If you use Outlook, Excel and Word I think the Windows Phone has a huge advantage over Android and iPhone. Those other devices can handle those programs, but the implementation isn’t nearly as seamless and it takes tinkering.
If you use Google Docs and GMail then Android is probably the way to go. Though the iPhone is actually pretty Google friendly too.
Since many of these devices are pretty interchangeable and many of those tools have apps that work on all the popular platforms (to varying degrees of success) it’s often music that can be the deal breaker. For some people it’s all about iTunes. If you are a iTunes user already and like it and are chained to it by a bunch of content it’s tough to argue against the iPhone. Some people, like me, hate iTunes with the heat of a thousand suns and would never use iTunes even if I were using a iPhone and are therefore pretty eager to use something else. For us the Window Phone is pretty tough to top. The Android devices are really, really crappy music players compared to the others. Supposedly Google is working to improve that with the next major release, but that’s always the rumor. If music isn’t something you’d ever use then Android is a pretty reasonable choice and it’s app store is probably going to grow faster and always be more versatile than iOS.
Like I said, I think that the phone that best replicates the PDA experience today is the Windows Phones. It’s well behind the others in terms of apps and it’s a newer operating system so for tinkerers it’s the worst choice. If you want something that just works out of the box with the least hassle, then it’s either iOS or Windows Phone depending on which ecosystem you are already invested in (iTunes, Zune, Hotmail, MS Office etc.). If you are a Googlephile and really want a swiss army knife of a device that doesn’t do music worth a damn and isn’t likely to get timely updates then Android is for you.
It hasn’t really been mentioned yet, but how important is a keyboard? PDA users are pretty used to not having keyboards in general, but the days of the stylus are gone. Do you think that a transition to a touchscreen will be a problem? If you think a keyboard is a priority then that rules out Apple devices and cuts Windows device options down to a few.
I should note that if all you REALLY want to do is have a good phone, a good email device, a good calendar and a good contact list a Blackberry is probably the winner. Blackberry’s mop the floor with all three of the other OSes when it comes to being a phone/email device. It’s really not a competition. Blackberries are much more stable, durable and have the best battery life too.

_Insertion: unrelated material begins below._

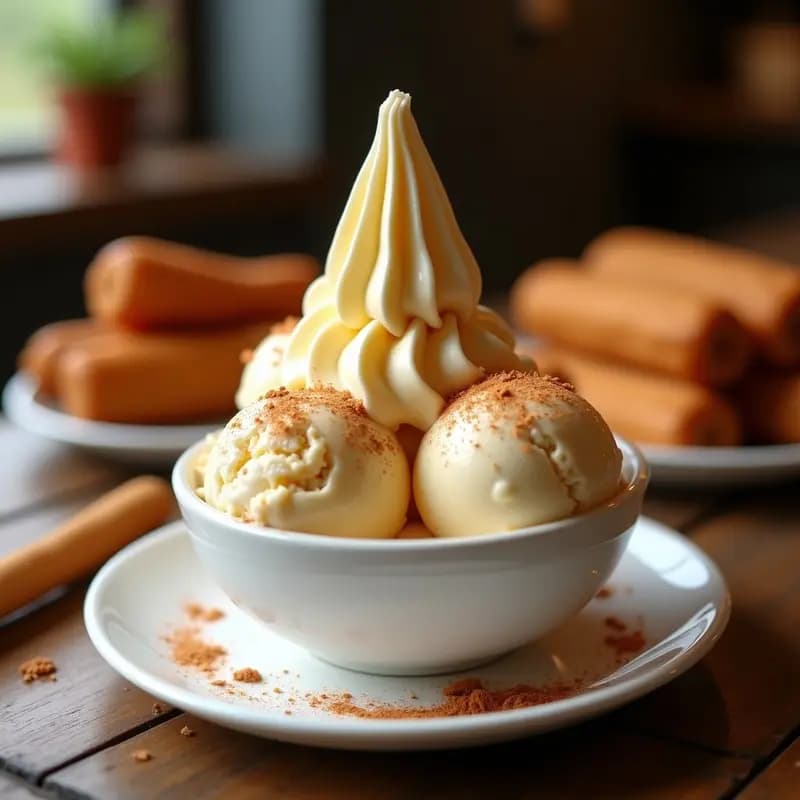 Helado de Churros con Leche Condensada y Canela: Postre que Derrite hasta el Alma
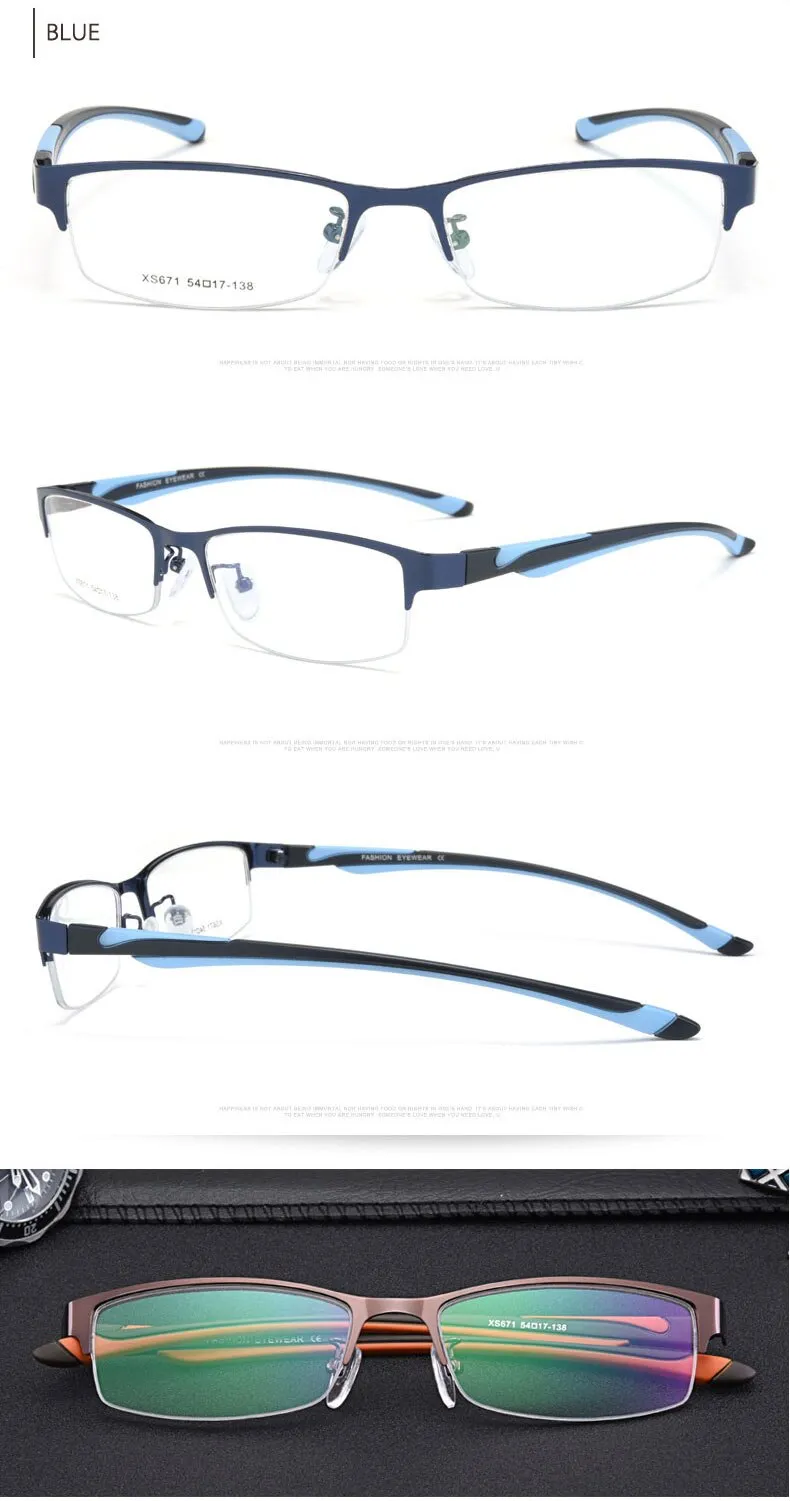 Hotochki Unisex Semi Rim Stainless Steel Alloy Frame Reading Glasses Xs671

Blackberries struggle a little with spreadsheets and office stuff, but that might be improving since they’ve updated the OS and gone to bigger screens. Blackberries are useless for music and games, even worse than Android as far as music goes and they have very few apps and aren’t very customizable. The keyboards on Blackberries are phenomenal. However, Blackberries don’t sync in the cloud nearly as nicely as the other products do and are much more self contained than the other devices. iPhone and Windows Phone do a pretty good job of marrying with your desktop and allowing you to take work and life with you from place to place. Android is trying to live in the cloud and doesn’t like playing with your computer, the Blackberry likes to live mostly on it’s own.
Lots to think about.
The best PDA replacements are Blackberry and Windows Phone. Each has serious pros and cons. The iPhone is much more of a media device and a toy, but it’s the most mature and doesn’t really fall flat in any one area but it doesn’t really excel at what PDAs do either. Android might have the most potential functionality but it has the most potential headaches too.